The falling boulder heralds the arrival of Don “Malky” Logan, an embittered and very scary former rival/colleague from Gal’s old manor who has his sights on bullying Gal into joining him and an elite firm of crooks who are masterminding a grandiose bank robbery. Don is an extraordinary amalgam of ressentiment and rage, and the fear he strikes in Gal, Deedee and their two friends, Aitch and Jackie, is matched by the fear he strikes in the viewer. Voices tremble at the mere mention of his name, let alone his company. He has the frame, gait and dress sense of a former jailbird who spent his years inside methodically. His tidy muscularity complements his smart but casual appearance, and his head’s shiny phallic texture recalls, in a rather wicked way, Kingsley’s celebrated performance as Gandhi (there’s a mischievous moment when we see Don, stripped to his undies, watching soccer on the telly in the meditative pose of the Mahatma). Gangster No 1., an earlier Brit flick from Acid House director Paul McGuigan, captured this menace in fits and starts. But in Don Logan, whether it’s the casual way he misses the toilet bowl when he pisses, or how he refuses to extinguish his cigarette on the plane, it’s constant. There hasn’t been such a frightening gangster since Joe Pesci said, “Do I amuse you?” to Ray Liotta in GoodFellas.

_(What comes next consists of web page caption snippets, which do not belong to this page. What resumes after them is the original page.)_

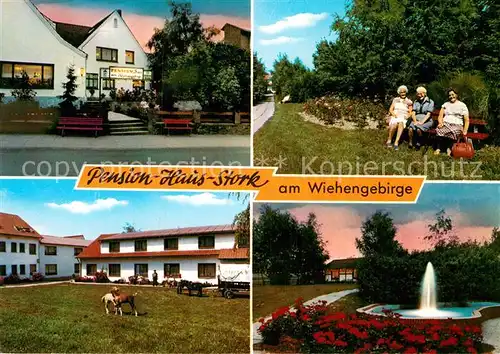 AK / Ansichtskarte Bad Holzhausen Luebbecke Pension Haus Stork Park Bauernhof Springbrunnen Kat. Preussisch Oldendorf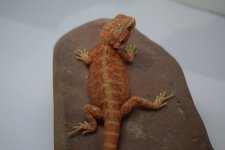 DSC_0513.jpg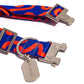 Blue and orange dog collar with metal buckles and tag on a white background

It’s Don’s subtle and ruthless verbal jabbing of Gal, first in an informal, almost matter-of-fact way when he tells him, “You’re wanted in London this Friday,” that starts Gal’s unraveling. Gal finds all kinds of ways of trying to say “No,” but you don’t say no to Don Logan, especially when he can probe every one of your weak spots. There’s a touch of the Gestapo in his interrogatory manner: the staccato drill of Don’s monosyllabic orders, the relentless exhortation to “Do the job,” the barking, prodding “yes, yes, yes, yes” to Gal’s “no,” and the sheer “fuck-offness,” as Don would put it, of his “Are you going to stand there like Porky Pig, hiding behind your ex-porn star wife’s skirt?”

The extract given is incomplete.